The new BLV has accepted a harder truth: the most important work is the work we will never witness. A replanted mangrove forest that protects a village from cyclones in 2070—planted by chiefs who will be bones in the ground by then. A land trust structure that prevents alienation for centuries—designed by men and women who will never collect its dividends. A generation of itaukei lawyers and elders who can recite customary law as fluently as statute—educated under programmes initiated by a Council that will not be there to see them graduate.
This is the “curve” in its deepest sense.

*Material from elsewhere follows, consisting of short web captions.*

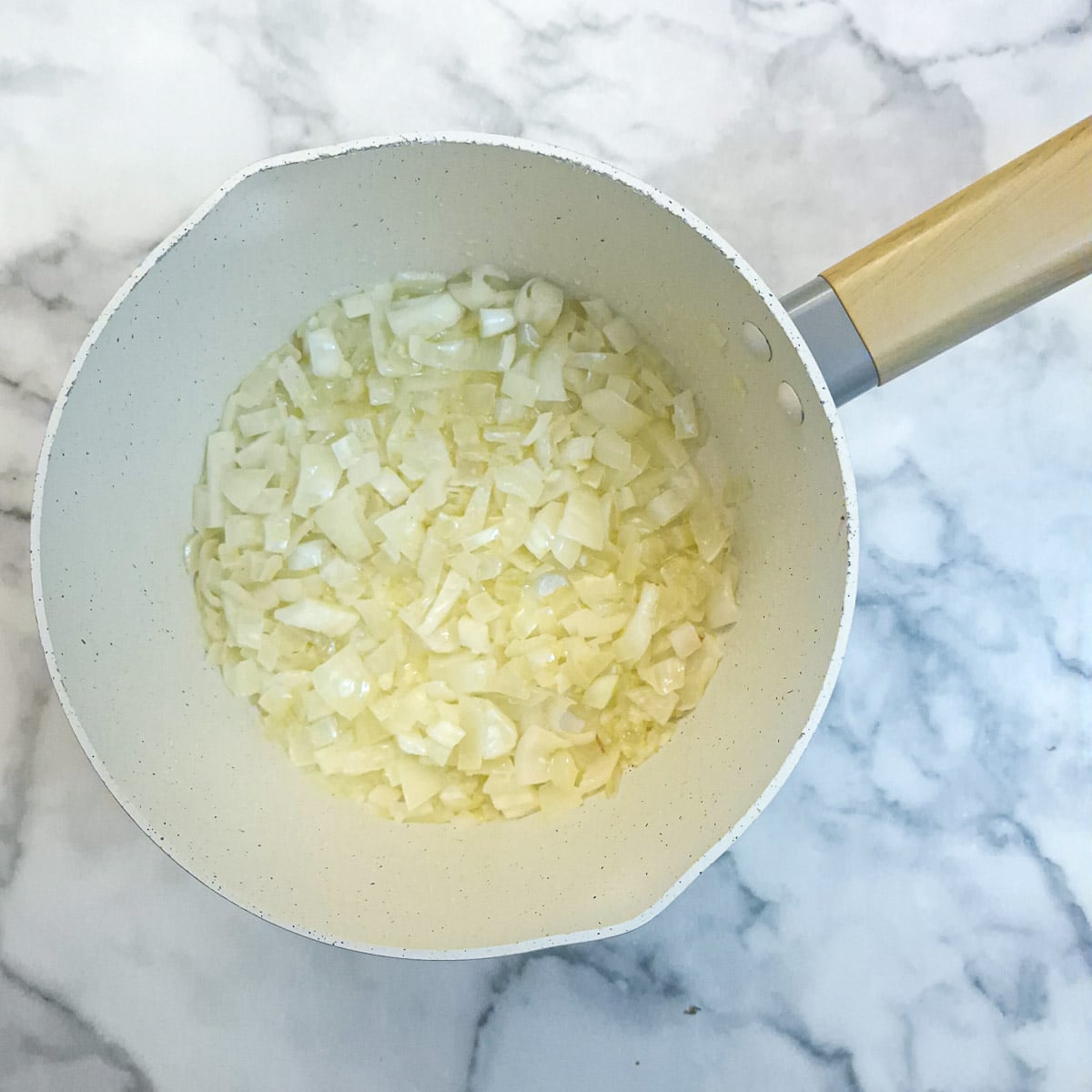 Diced onions softening in butter in a saucepan.
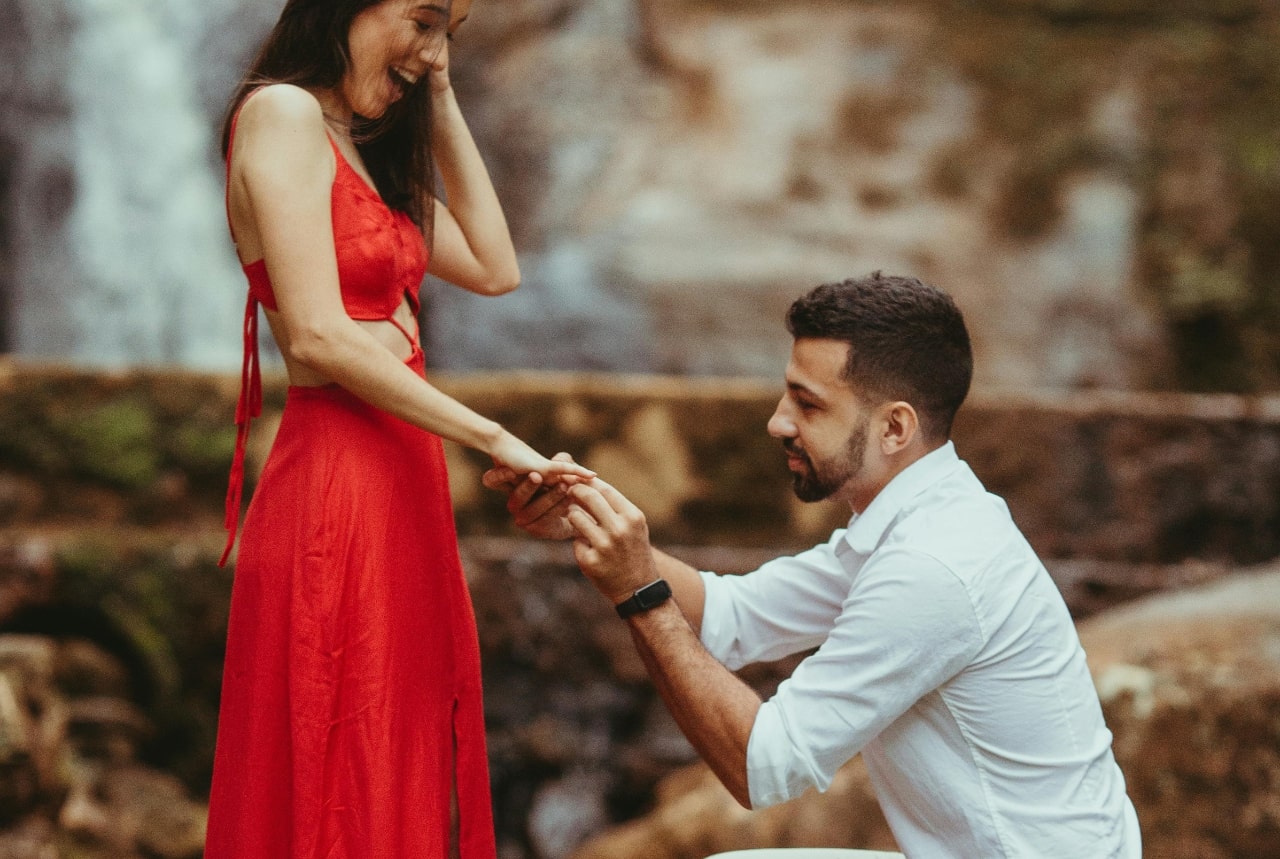A man on one knee, proposing to a woman in a bright red dress, in front of a beautiful nature-filled background.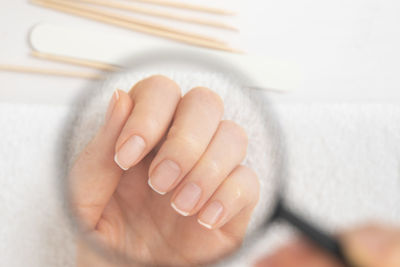 Cropped image of woman holding water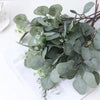 A lush green artificial eucalyptus stem with small white flowers displayed on a white background.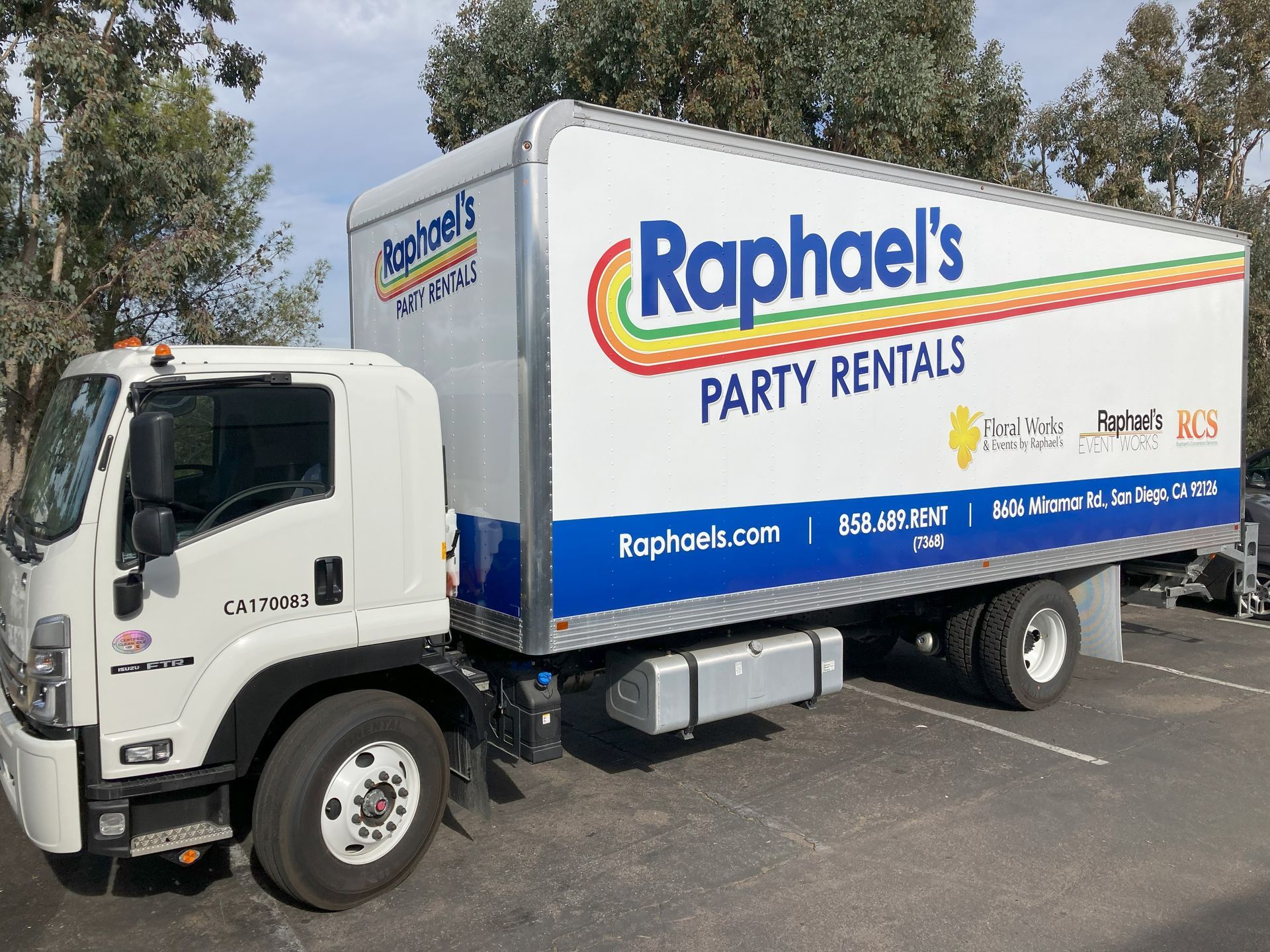 Raphael’s party rental truck parked outdoors, white cab and trailer with blue logo and rainbow stripe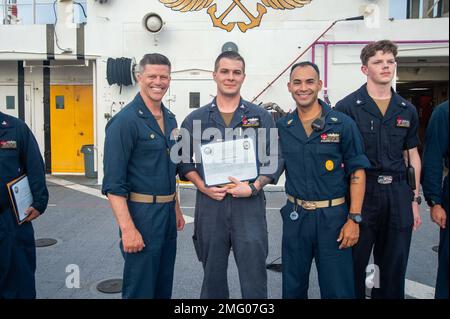 MARE DELLE FILIPPINE (20 agosto 2022) – Capitan Jeffrey Feinberg, comandante della USNS Mercy (T-AH 19), a sinistra, E il capo maggiore del comando Manuel Valle, a destra, premia il compagno machinista 2nd Classe Nathan Rich, centro, marinaio del mese di luglio a bordo della nave militare dell'ospedale Sealift Command USNS Mercy (T-AH 19) in riconoscimento degli sforzi di Rich durante il Pacific Partnership 2022. Ora nel suo 17th° anno, Pacific Partnership è la più grande missione multinazionale annuale di assistenza umanitaria e di preparazione alle catastrofi condotta nell'Indo-Pacifico. Foto Stock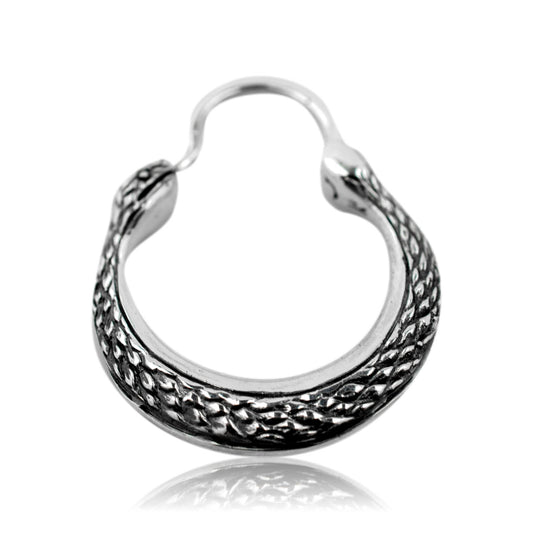 Silver hoop earring with intricate design on a white background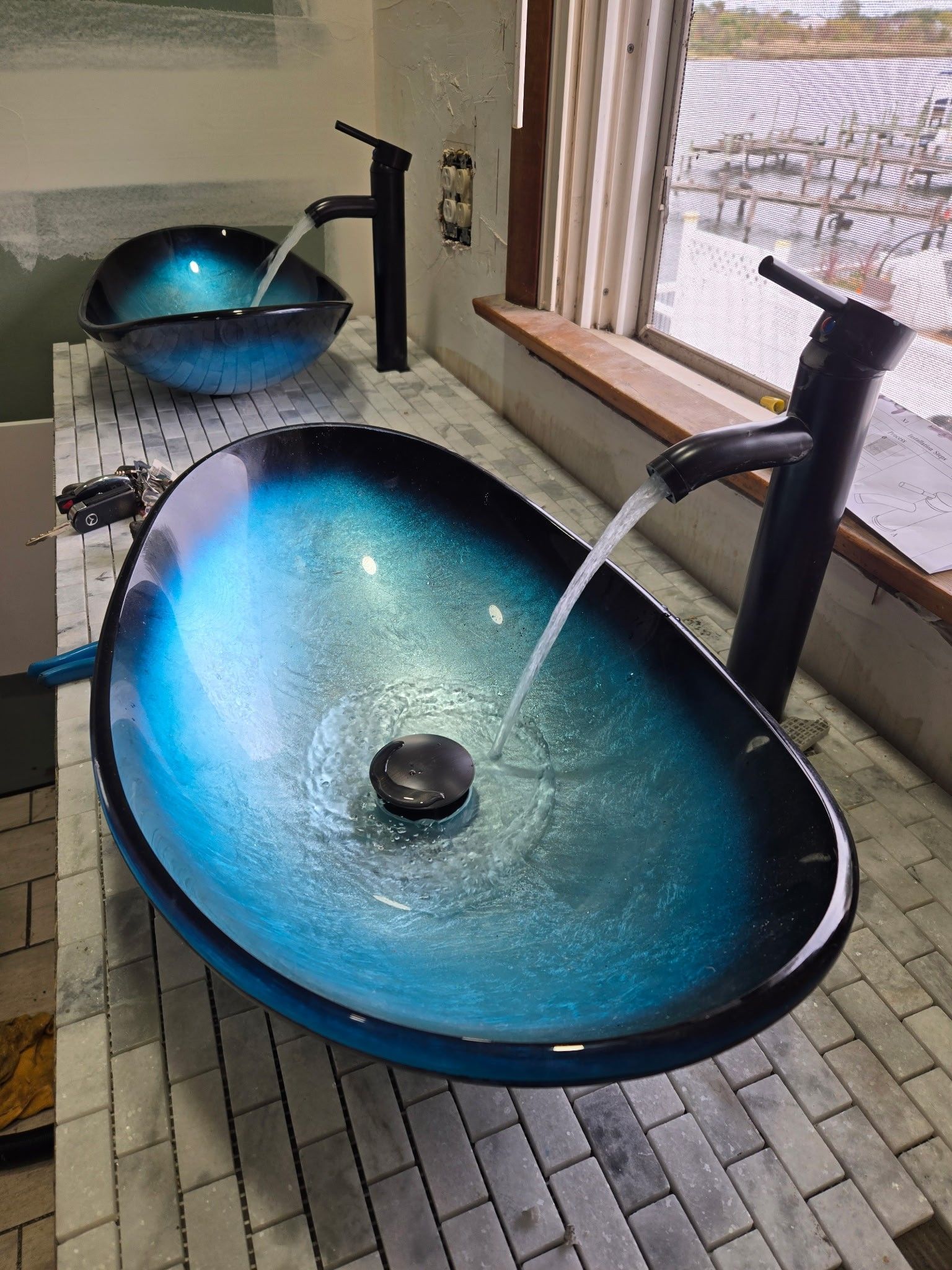Two oval, blue-to-black gradient glass vessel sinks with black faucets running water, set on a light-colored tiled counter.
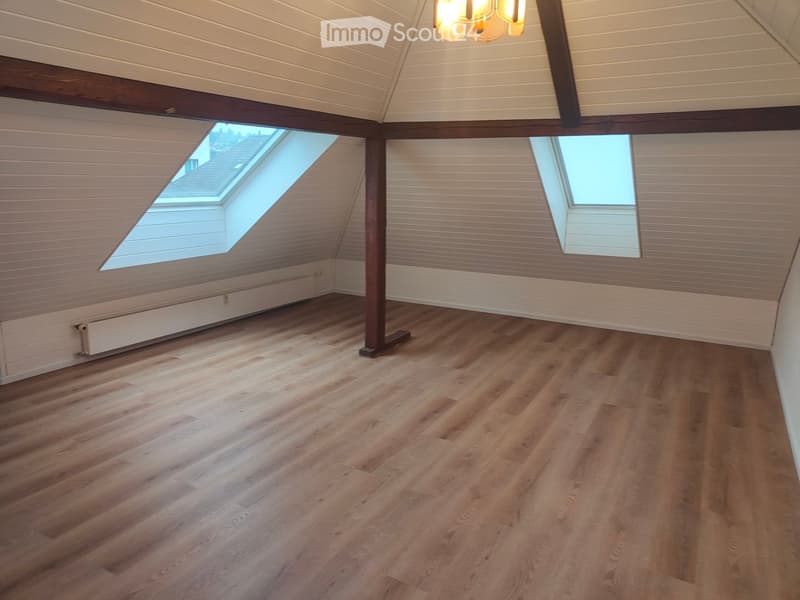 Empty attic space with wooden flooring, white paneled walls, exposed wooden beams, and skylight windows allowing natural light.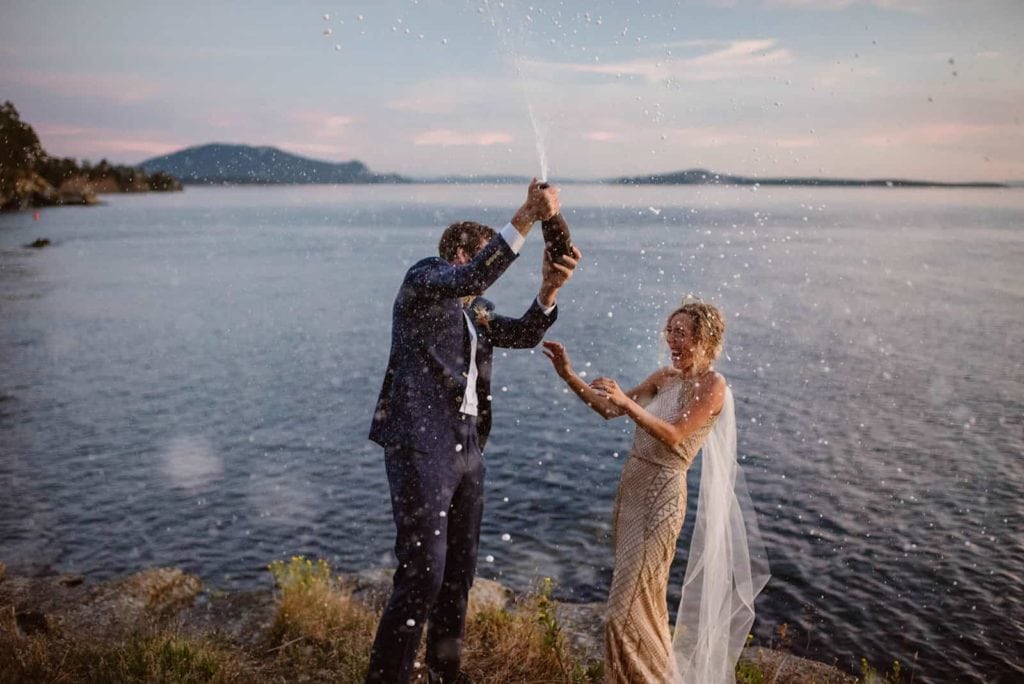 A groom sprays a bottle of champagne in celebration on Sucia Island.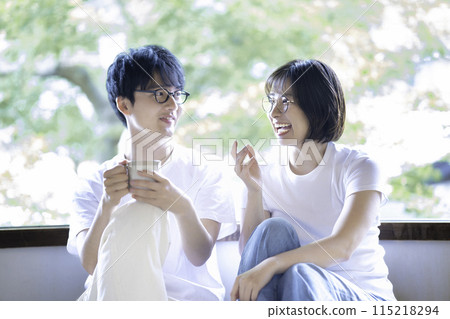 Young couple wearing glasses 115218294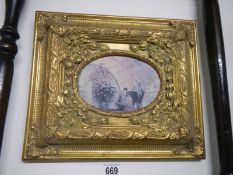 A gilt framed oval painting.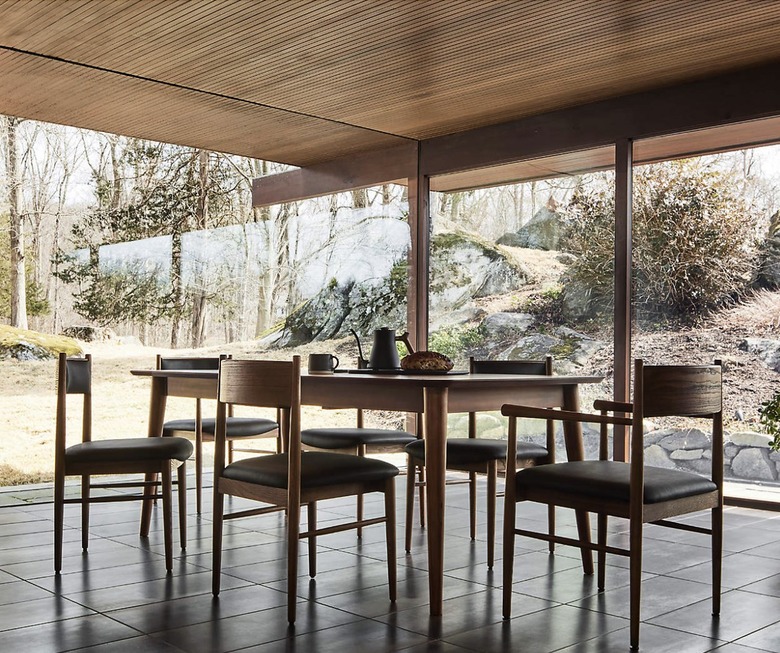 Image of a large Scandinavian-style table in a sunroom surrounded by chairs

The arc of righteousness bends away from immediate gratification, away from political headlines, away from the ego of “I did this.” It bends instead toward a future that the present generation will only glimpse. And that is precisely what makes it righteous.
Conclusion
For the itaukei, the Bose Levu Vakaturaga is no longer a political machine. It is a covenant across time—a body that has learned from its own history of open politics and chosen instead the harder, quieter path of intergenerational prosperity. The journey is long. The arc curves. And we, the living, will not see its completion.
But that does not mean it does not bend.
From the chiefly house before the yaqona (kava), the elders nod not for themselves, but for the ones who will come after. Our possessions will pass away—as long as the people of the land thrive.